Renowned economist, Port resident, Irwin Kellner dies at 83

Renowned economist, Port resident, Irwin Kellner dies at 83
Irwin Kellner. The well-known economist and longtime resident of Port Washington North passed away on July 31 at the age of 83 following a long battle with Parkinson's disease, according to his family. (Photo courtesy of Lori Kellner)

Irwin Kellner, a distinguished economist and longtime resident of Port Washington North, died at 83 on July 31 after a long battle with Parkinson’s disease, his family announced.

Kellner was born on Oct. 4, 1938, in Brooklyn. He met his wife, Ann, at a dance in 1958; the two got married in 1961.

Together, they raised two children: Lori and Shari. He later became a grandfather to Sam, Marli and Olivia. He also had a strong relationship with his son-in-law Jeff; the two would frequently go golfing and discuss the stock market.

Initially, Kellner intended to pursue a career in automotive design. He transitioned towards economics after that didn’t work out.

He earned a bachelor’s and master’s degree in economics from Brooklyn College, as well as a doctor of philosophy degree in economics from the New School for Social Research.

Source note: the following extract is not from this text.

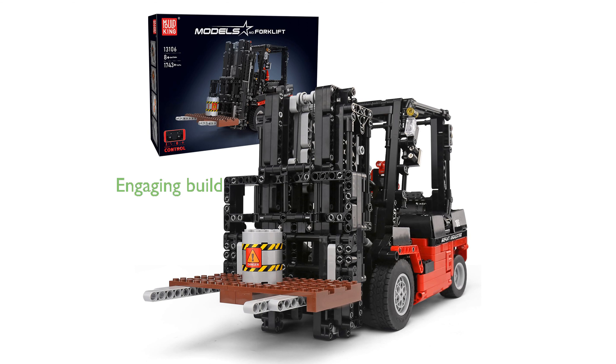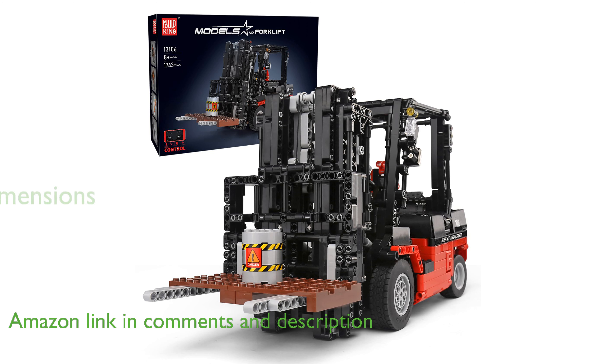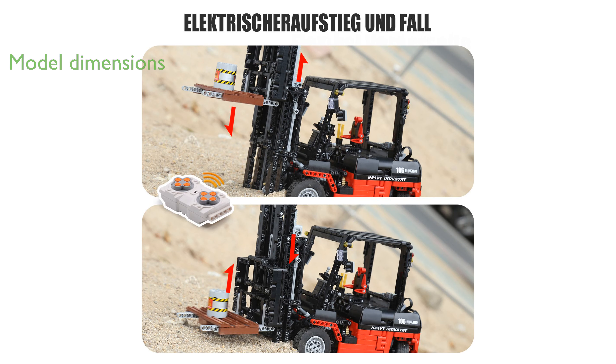The MoldKing 13-1106 forklift kit offers an engaging building experience, allowing you to explore the engineering brilliance behind remote-controlled forklifts. Once completed, this model measures 16.5 inches in length, 5.9 inches in width, and 8.26 inches in height, with shelves that can be lifted up to 13.7 inches.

His daughter Lori said that despite switching from wanting to pursue art to finance, he never lost his creative side. She added he wasn’t like other people in his field.

“He loved meeting people,” she said. “He loved talking about [economics] and he made it easy to understand and that was the best part.”

Kellner had a successful career as a financial columnist and economist. During which he was published, cited and made TV appearances on CNN, CNBC, ABC, News12 and other networks.

He worked as an editor at Businessweek magazine; as a research analyst for Philip Morris Inc.; as chair of economics at Hofstra University; as president of Kellner Economics; and as an economist with Manufacturers Hanover Trust Company and its successors as they merged with Chemical Bank and Chase Manhattan Bank.

But, more important than his work, was his family. Lori said he tried to support and be present for his children and grandchildren every chance he had. She said being a grandfather was Kellner’s greatest role.

“Every morning here, even when he when he was sick, he was constantly talking about the kids,” she said. “Just telling stories from when they were little — that was his life. He was a good family man.”

He also had a close relationship with his father-in-law after losing his father when he was young. They both had a strong passion for professional wrestling. As Kellner made more connections, the two met wrestling legends like Andre the Giant, Hulk Hogan and Freddie Blassie during monthly shows at Madison Square Garden.

“It’s funny, how you can think somebody is a serious finance guy but his thing was professional wrestling, he loved golf and his grandchildren,” said Lori. “He was a mush.”

He was also devoted to his community. In June, the Port Washington North Board of Trustees honored Kellner for his five decades of service on the village’s planning board.

He joined Port North’s planning board on April 3, 1972, and served until the end of his term in April 2022.

Kellner helped to transform the village into what it is now, according to Mayor Robert Weitzner.

“Now, therefore, be it proclaimed that Irwin Kellner be honored this day and henceforth for the wisdom and good counsel he so generously shared with the village of Port Washington North for an unprecedented 50 years,” he read to attendees.

Kellner died peacefully at home in his sleep. His wife Ann, children Lori and Shari, son-in-law Jeff and grandchildren Sam, Marli and Olivia survive him.

His family asks anyone who wishes to make a donation in his memory to do so to the Michael J. Fox Foundation for Parkinson’s research.